Этот же «внутренний» эскапизм нередко оборачивается пристрастием к наркотикам или иными «пагубными пристрастиями» (по выражению Э. Гидденса), которое ведет к полному разрыву с реальностью и, в конечном итоге, к гибели. «Обычные устремления индивида становятся временно неподвижными и как бы удаляются; личность находится как бы в «другом мире» и может оценивать обычные виды своей деятельности с циничным весельем или даже презрением».

Искусство, во всяком случае многие его направления. всегда давало человеку возможность погрузиться в мир, не похожий на окружающую обыденную реальность, тем более что оно теснейшим образом связано с другими сферами человеческого опыта, дающими возможность выхода из существования «здесь – и – сейчас» – религией и любовью.

Мы попытаемся показать, что опера дает большие возможности для выхода из повседневности, который, хотя и носит временный и «легитимный» характер, тем не менее, создает сильное эмоциональное напряжение, способное ввести человека в состояние, близкое к древнему мистическому экстазу, не вызывая разрушительных последствий, поскольку соматическая реакция на оперу, в отличие от, к примеру, рок-музыки, ограничивается аплодисментами или криками «Браво!». Ощущения оперного меломана сосредоточены, скорее, в эмоциональной сфере, хотя не чужд ему и обычный фанатизм по отношению к любимым звездам.

Определив одну из причин популярности оперы сегодня как реакцию на бурную динамику повседневности и рутинизацию жизни, перейдем к ответу на второй вопрос – как опера помогает эти рутины преодолеть, что в этой форме искусства дает возможность погружения в миры, как правило, совершенно далекие от всей сферы опыта современного человека? При ответе на этот вопрос, необходимо сделать две оговорки. Во-первых, вполне возможно наслаждение оперой, в котором эскапизм вовсе не играет заметной роли.

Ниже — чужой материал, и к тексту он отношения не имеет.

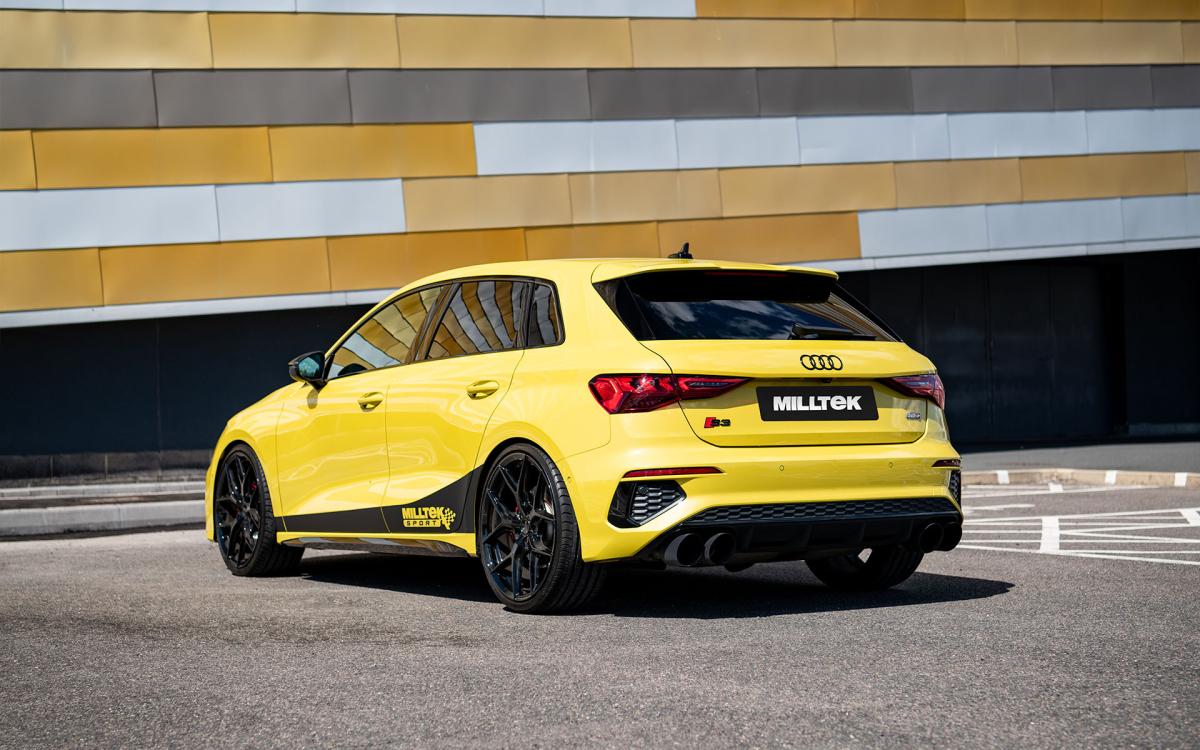 Audi S3 8Y Sportback GPF models - 'Race' 80mm Non-Resonated (Loudest) Cat-Back Exhaust System with Cerakote Black Trims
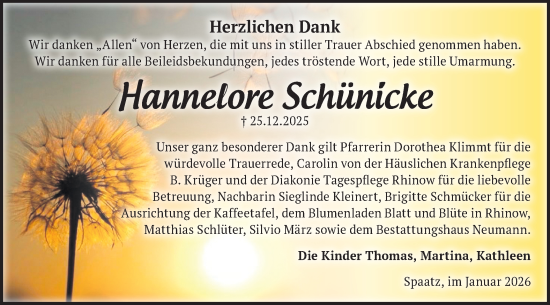 Traueranzeige von Hannelore Schünicke von Märkische Oderzeitung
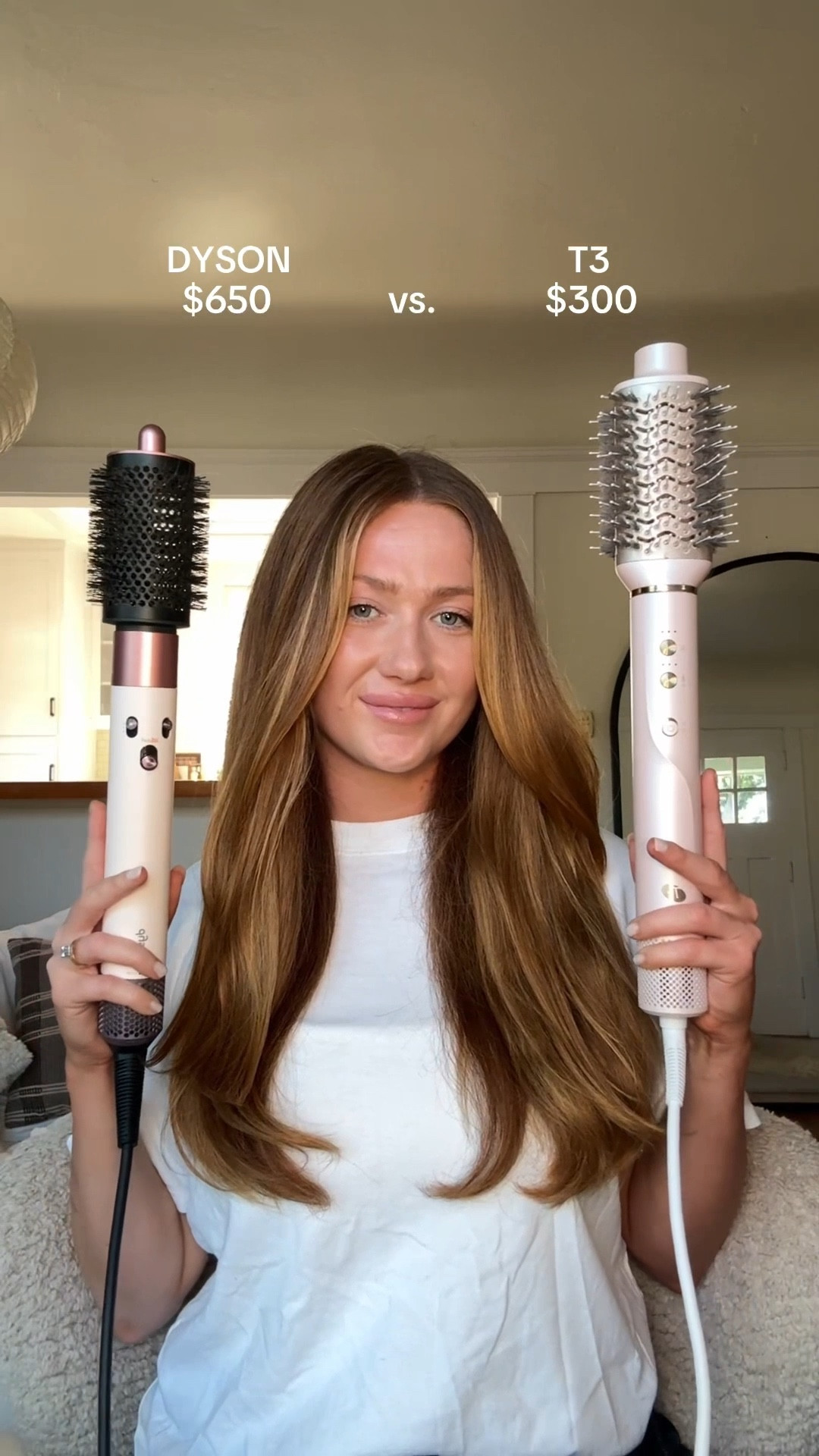 A side by side comparison of the Dyson Airwrap and the T3 Aire360 both using the round brush attachments for a quick blowout! 

#LTKBeauty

Человек может получать эстетическое наслаждение от богатейшей звуковой палитры, в которой сочетаются возможности всех музыкальных инструментов и человеческого голоса, от талантливой постановки и, наконец, от зрительного наслаждения образами оперных героев, которые в последние десятилетия резко трансформировались с точки зрения новых требований к внешности исполнителей (о чем будет сказано ниже).

Мы рассмотрим оперу с точки зрения возможностей эскапизма, которые она дает и которые могут реализоваться в зависимости от необходимости слушателя/зрителя ощутить себя, пусть временно, в том мире, который творится на оперной сцене, войти в него в качестве участника, а не наблюдателя, пусть даже восхищенного, сбросить сдерживающие правила и стандарты обыденности, уйти от здравого смысла. Для этого возможности оперы шире, чем у многих других видов традиционного искусства или у других музыкальных форм (я не рассматриваю здесь ни кино, ни виртуальную реальность, в которых, колоссальные возможности эскапизма не вызывают сомнения).

Другим моментом в ответе на вопрос о способности оперы увести человека от повседневной рутины является проблема модернизации оперных постановок, где часто происходит «расколдовывание», «обытовление» волшебного мира путем перенесения действия в эпоху, приближенную к зрителю, наполнения сцены реалиями повседневной жизни, в том числе и технологическими гаджетами, выстраивания облика героев, напоминающих людей современного мегаполиса или моделей глянцевых журналов.

Авторы таких постановок в своем стремлении приблизить мир оперных героев к образцам и идеалам сегодняшнего дня никоим образом не являются новаторами оперной сцены, несмотря на все претензии на креативность и постмодернистскую игру с историей. Прием перенесения реалий театрального сюжета во времена зрителя существовал еще в период классицизма, когда античные персонажи трагедий представали в костюмах по последней моде ХУП века.

Певцы оперы барокко, изображавшие мифологических героев, также были одеты в костюмы, сочетавшие в себе самые фантастические элементы и придворную роскошь. Если композиторы прибегают к приему перемещения действия в ту или иную эпоху с целью создать наиболее привлекательный контекст для выражения сильных страстей и оправдания неправдободобных нарративных структур.

Притязания оперных постановок на реализм совершенно необоснованны, так как опера со всеми ее условностями по определению чужда реализму, в какие бы модные наряды не были одеты герои и какими гаджетами они бы не пользовались. Но и в самом оперном жанре были попытки приблизить оперу к «обычной» жизни, что выразилось в таком направлении итальянской оперы как веризм.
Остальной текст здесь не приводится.